Aristotele seguì una via molto più ontologica: il misantropo, essenzialmente un uomo solitario, non è propriamente umano: deve essere una bestia o un dio per riuscire a odiare tutti gli uomini, una visione riflessa nel Rinascimento della misantropia come “uno stadio bestiale”. È importante fare una marcata distinzione tra pessimismo filosofico e misantropia.
Immanuel Kant disse che “Dallo storto legno dell’umanità, nulla di dritto potrà mai essere creato.” anche se questa non era propriamente un’espressione riguardante l’inutilità della razza umana in sé stessa, ma più una critica allo scopo ultimo della razza umana. Kant, in seguito, specificò come l’odio della razza umana possa prendere due forme distintive: l’avversione in generale per gli uomini (Antropofobia) o l’animosità totale contro di essi. La condizione di misantropo può crescere parzialmente sia dal disprezzo sia dal proprio volere.
Un altro esempio di misantropia equivoca è una citazione di Jean-Paul Sartre: “L’inferno sono gli altri“. A primo impatto questa citazione può sembrare di stampo profondamente misantropo, ma Sartre fece un’osservazione molto precisa sulla tendenza degli esseri umani nel mancare di auto-consapevolezza. Persone ignare tendono a proiettare fuori le proprie paure e le caratteristiche personali più profonde contro le altre persone, invece di partecipare in un’espressiva introspezione di sé stessi. Quindi, quando guardano altre persone, spesso essi vedono il peggio di quella che è in realtà la propria personalità.
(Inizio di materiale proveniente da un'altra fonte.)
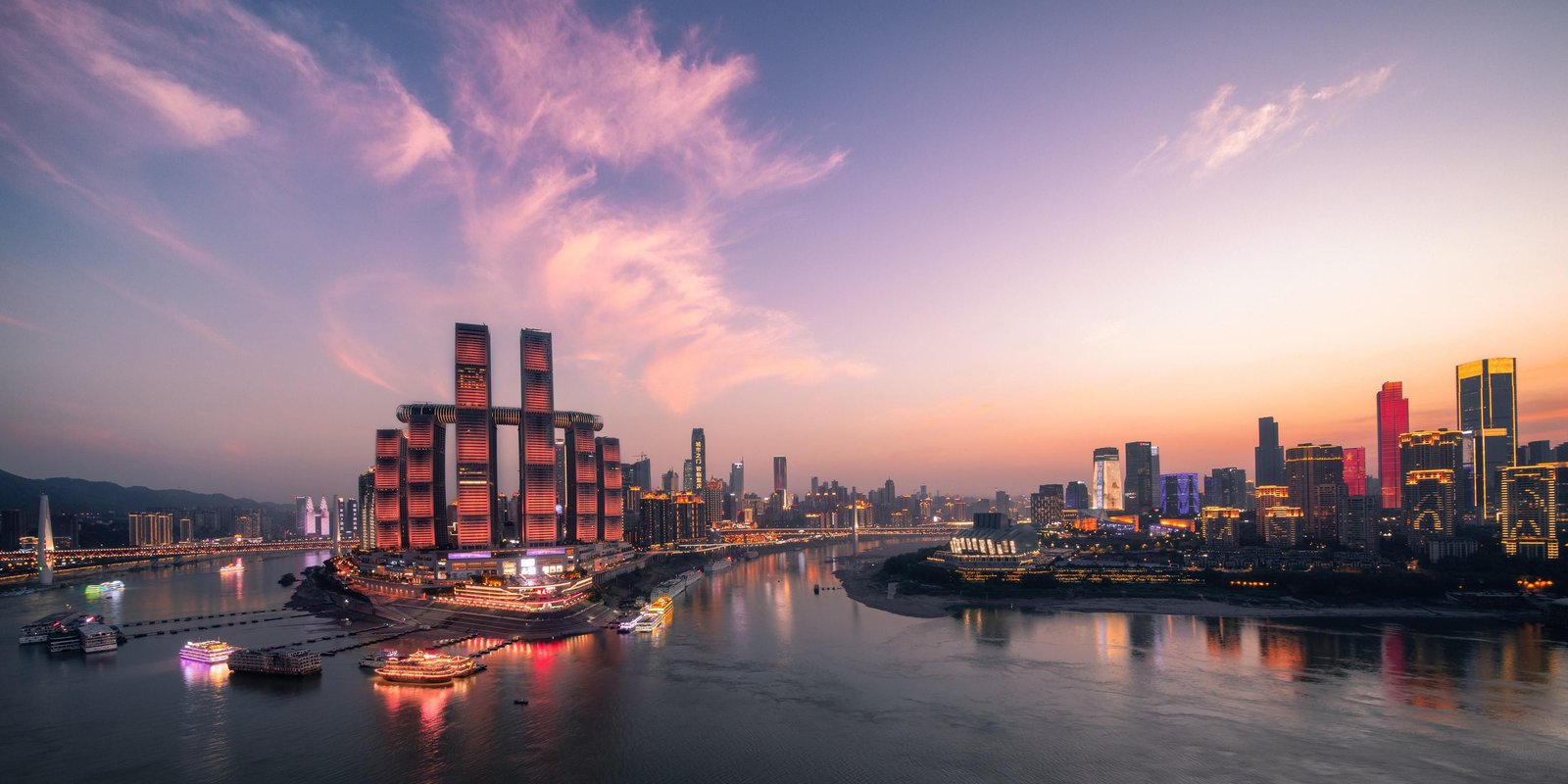 Intercontinental Chongqing Raffles City, backstory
Il filosofo tedesco Arthur Schopenhauer (che influenzò particolarmente Friedrich Nietzsche) d’altra parte fu un famoso misantropo, specialmente grazie alla sua reputazione di recluso sociale e di solitario, cosa che comprendeva anche il suo antinatalismo filosofico, trasformando la sua misantropia quindi come un effetto indesiderato della sua filosofia. Egli scrisse che “l’esistenza umana deve essere un qualche tipo di errore” anche se egli reputò necessario aggiungere, comunque, che la misantropia non è necessariamente eguale alle attitudini inumane contro l’umanità. Schopenhauer concluse, di fatto, che il trattamento etico di tutti gli altri è il miglior approccio, visto che siamo tutti compagni di sofferenza e che siamo tutti, bene o male, partecipi al voler vivere la vita in modo sufficientemente sereno per sé stessi; egli parlò anche del suicidio con comprensione e simpatia, cosa assai rara ai suoi tempi, in quanto era un tema prettamente proibito e non discusso largamente in quanto estremamente anti.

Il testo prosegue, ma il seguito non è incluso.